The Western Cape department of agriculture has launched a R78-million Holsloot river weir project which is set to benefit 150 farming households near Rawsonville.
The Holsloot weir is a river protection intervention aimed at ensuring functioning ecosystems.
According to Rudolph Röscher, the province’s district manager in the Cape Winelands, the weir provides an agricultural and environmental solution to the ecological damage caused by several severe floods over the years, alien invasive plants, and maintenance performed within the river as a result of pumps being washed away by floods.
In a media release, Röscher explains the Western Cape department of agriculture’s sustainable resource use and management programme facilitated support to the Holsloot Water User’s Association utilising the principles of area-wide planning.
“The outcome of this is the development of a river maintenance management plan. Using the principles of payment for ecosystem services, the Holsloot Water User Association has included the cost for the alien clearing in their water tariff that the individual farmers successfully adopted along the Holsloot River.”
Röscher adds, “Individual farmers and landowners will actively implement alien infestation clearing projects to restore the Holsloot River along the riparian zone the project.”
Project welcomed with open arms
The Western Cape’s minister for agriculture, Dr Ivan Meyer, handed the multi-million Rand project over to the Holsloot Water User Association to operate.
Speaking at the official opening and handover, Meyer congratulated the project team consisting of officials in his department, Stellenbosch University, Ingerop Consulting Engineers, JVC Construction and implementing agent CASIDRA.

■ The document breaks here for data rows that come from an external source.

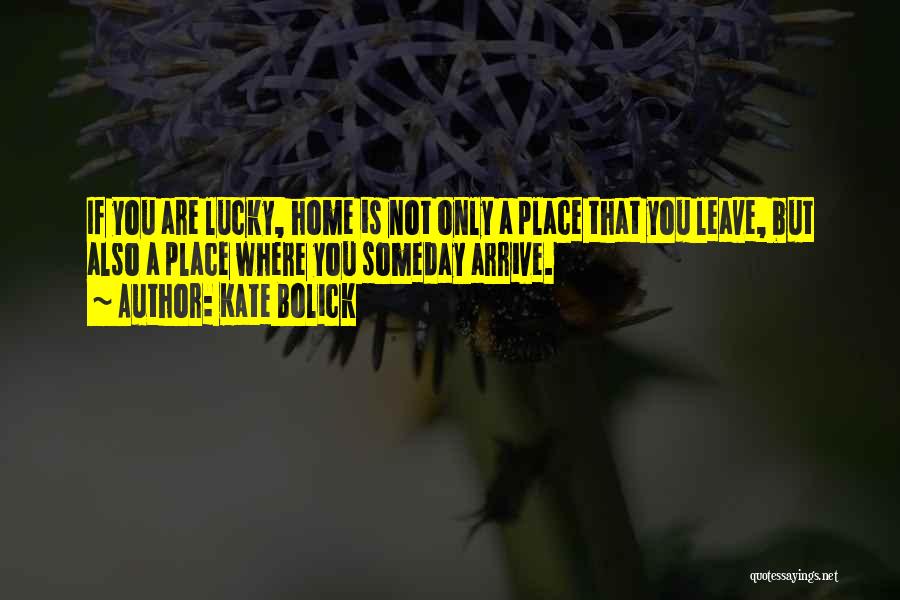 Luck You Quotes By Kate Bolick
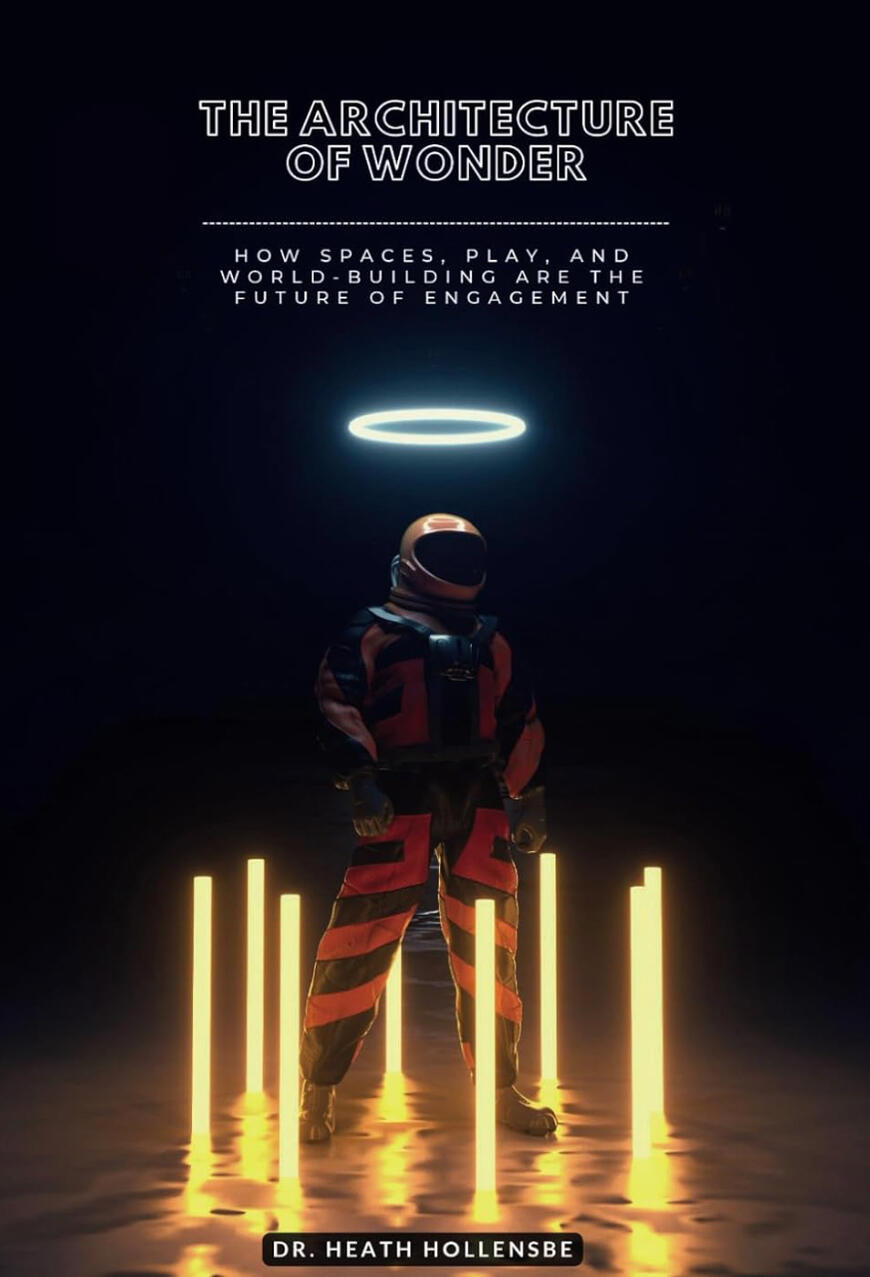 The Architecture Of Wonder - Heath Hollensbe The Architecture Of Wonder - Heath Hollensbe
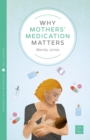 Image for Why Mothers&#39; Medication Matters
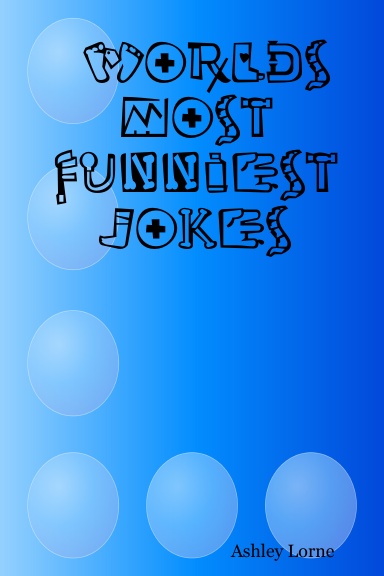 Worlds most funniest jokes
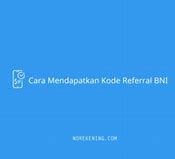 Kode Referral Bni 2023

In his opening of the river weir, Meyer said the project culminated from the provincial government’s infrastructure-led growth strategy.
“This specific project aims to mitigate the impacts of change climate. Completing the project was possible because competent and committed officials and partners affected the project’s design, scope, implementation, and construction.
“The project will directly impact approximately 150 farming households and 4000ha of mainly wine grapes under irrigation.”
Ettiene Weidemann of the HWUA highlights that, unlike in the past, they now have a measured river.
“We now know how much water goes where. We also have less movement of sediment in the river, which improves the flow of the water. The building of the weir is a great example of what a functioning government can do for its people.”
Meyer adds, “I am pleased that the Holsloot project focuses on restoring ecological infrastructure as it supports increased productivity and socio-ecological resilience. The project also improves water security and job creation. The maintenance management plan ensures the sustainably of the project.”